YOUNGSTOWN, Ohio – The operators of land reutilization programs in Mahoning and Trumbull counties questioned the portrayal of land banks in a recently published pair of stories by Eye on Ohio. 

The Business Journal published stories on its website Monday and Wednesday by the not-for-profit news operation based on analysis that used machine-learning methods of property remediation in several Ohio counties. 

Officials with two land reutilization programs not mentioned in the story – Mahoning County Land Bank, which is completing its 10th year in operation and Trumbull Neighborhood Partnership, which has managed Trumbull County’s land bank program since 2012 – came away not certain of the stories’ premise. 

“In some ways, things are a bit more confusing for public consumption because it just didn’t lead to any conclusions,” said Deb Flora, executive director of Mahoning County Land Bank. “It may have raised some questions to which there are answers, but I don’t think it answered the questions.”

Matt Martin, Trumbull Neighborhood Partnership executive director, expressed similar sentiments.

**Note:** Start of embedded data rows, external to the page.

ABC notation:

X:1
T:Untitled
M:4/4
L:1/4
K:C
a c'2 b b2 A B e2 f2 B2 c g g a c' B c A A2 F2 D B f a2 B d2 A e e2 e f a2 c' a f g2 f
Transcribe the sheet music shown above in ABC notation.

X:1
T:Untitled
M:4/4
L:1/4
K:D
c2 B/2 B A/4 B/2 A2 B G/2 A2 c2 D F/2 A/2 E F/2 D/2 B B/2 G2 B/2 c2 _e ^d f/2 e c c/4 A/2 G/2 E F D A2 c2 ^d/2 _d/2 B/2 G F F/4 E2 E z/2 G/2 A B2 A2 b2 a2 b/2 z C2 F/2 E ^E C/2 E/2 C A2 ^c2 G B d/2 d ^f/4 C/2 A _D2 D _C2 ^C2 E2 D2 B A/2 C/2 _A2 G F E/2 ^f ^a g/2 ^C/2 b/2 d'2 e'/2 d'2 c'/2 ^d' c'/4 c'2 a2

He said he struggled over what impression the public was supposed to take away regarding land banks, which were launched in Ohio in 2009 to respond to the foreclosure crisis. 

The Trumbull County land bank launched in 2010, two years before TNP was contracted to manage it. Martin said an Eye on Ohio reporter reached out to TNP, which provided information in response to its request for information, but the material was not used.   

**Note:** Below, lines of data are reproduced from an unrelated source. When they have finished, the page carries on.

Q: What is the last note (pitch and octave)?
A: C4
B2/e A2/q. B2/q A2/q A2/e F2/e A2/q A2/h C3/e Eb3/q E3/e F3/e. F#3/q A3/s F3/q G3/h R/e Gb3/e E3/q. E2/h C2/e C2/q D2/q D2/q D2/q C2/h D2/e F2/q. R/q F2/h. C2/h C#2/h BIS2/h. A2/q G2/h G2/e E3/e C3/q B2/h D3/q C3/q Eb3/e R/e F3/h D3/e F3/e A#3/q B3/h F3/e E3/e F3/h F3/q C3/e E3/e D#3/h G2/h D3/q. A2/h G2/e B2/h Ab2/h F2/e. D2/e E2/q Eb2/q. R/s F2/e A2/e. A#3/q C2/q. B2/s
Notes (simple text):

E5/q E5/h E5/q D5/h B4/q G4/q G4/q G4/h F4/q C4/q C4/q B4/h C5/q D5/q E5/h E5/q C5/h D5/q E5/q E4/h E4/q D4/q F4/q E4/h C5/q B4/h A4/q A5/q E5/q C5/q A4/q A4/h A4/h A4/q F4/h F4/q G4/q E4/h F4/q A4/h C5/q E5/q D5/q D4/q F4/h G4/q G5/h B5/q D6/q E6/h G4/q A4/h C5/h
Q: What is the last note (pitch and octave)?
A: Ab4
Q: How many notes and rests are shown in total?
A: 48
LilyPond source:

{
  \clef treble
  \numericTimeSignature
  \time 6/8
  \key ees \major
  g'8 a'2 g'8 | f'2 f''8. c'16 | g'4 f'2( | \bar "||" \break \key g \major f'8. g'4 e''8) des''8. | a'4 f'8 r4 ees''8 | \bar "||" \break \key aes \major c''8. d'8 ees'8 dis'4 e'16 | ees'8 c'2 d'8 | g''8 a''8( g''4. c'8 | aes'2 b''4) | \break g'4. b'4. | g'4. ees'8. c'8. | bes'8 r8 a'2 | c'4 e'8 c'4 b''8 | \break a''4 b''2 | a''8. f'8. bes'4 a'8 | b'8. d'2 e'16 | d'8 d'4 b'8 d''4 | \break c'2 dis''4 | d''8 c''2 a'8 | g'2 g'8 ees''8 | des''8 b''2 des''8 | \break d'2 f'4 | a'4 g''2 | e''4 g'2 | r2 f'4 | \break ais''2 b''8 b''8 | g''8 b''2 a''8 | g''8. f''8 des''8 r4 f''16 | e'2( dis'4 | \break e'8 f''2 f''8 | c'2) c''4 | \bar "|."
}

“The thing that jumped out to me was that there wasn’t any real context to why they [land banks] were created in the first place,” Martin said. “Maybe the point was that they’re nuanced to try to give a little peak behind the curtain on how decisions are made.”

The Trumbull land bank was created as “a response to widespread blight” resulting from abandonment over a period of time by job loss and disinvestment, “punctuated starkly by the foreclosure crisis,” Martin said.   

“Everything that occurred allowed for there to be 1,500 vacant houses in the city of Warren alone when we first counted them, and at least that many more scattered throughout the county,” he said. A common factor for many of the abandoned or “walkaway” properties was banks beginning the foreclosure process but not completing it, leaving the properties in question – and the liability for them – off their books. 

TNP has saved and renovated more than 400 houses, and in 2021, 70% of those sales went to owner occupants, he said.   

“Each land bank is fully autonomous and has different policies, practices and outcomes,” Martin said. “Our land bank is imperfect but is informed by resident outreach and has a focus on quality of life.” 

He also pointed to a part of the article about the difficulty a Cleveland homeowner faced in purchasing a property adjacent to his house from the city’s land bank, which wants to save it for future development. 

“Municipal land banks are completely antiquated, and they’ve never been particularly functional,” he remarked. 

Flora was troubled by the portrayal of a Cuyahoga County property transfer because of the relationship between a land bank official and the individual that eventually acquired the property. She acknowledged the story “rightly observed” that the property in question had gone through the tax foreclosure and sheriff’s sale processes.

“In other words, it had already been available to anyone in the public who chose to participate in the sheriff’s sale and it went for a lack of bid,” Flora said. “I was not comfortable with the way that was portrayed in the story because I thought there was an insinuation there that something looked bad when, in fact, the market had the first response to the property becoming available through the sheriff’s sale and the market did not respond. 

“The land bank then had an opportunity to do something with the property and not have it torn down because apparently there was a opportunity to do something with the property and make it productive again,” she continued. The site now generates $85,000 annual in property taxes, which is “a pretty good outcome, except for the way it happened.”  

The Mahoning County land bank has put more than 1,100 properties through its demolition program alone and conducted several thousands of transactions concerning vacant land and sidewalks. 

“In Youngstown, Ohio, we have seen what years upon years of no action on property has contributed to – a bad reputation for this city,” Flora said. “They get abandoned, beat-up properties that were so expensive to repair that demolition appears to be the better option in many cases. We’ve had an accumulation of that for so long that you needed a land bank to be empowered in the way that it is to address those issues that have gone on for so long, and that is what I see land banks in general doing around the state.”

Pictured: A house at 627 Fairfield St. NE renovated by Trumbull Neighborhood Partnership.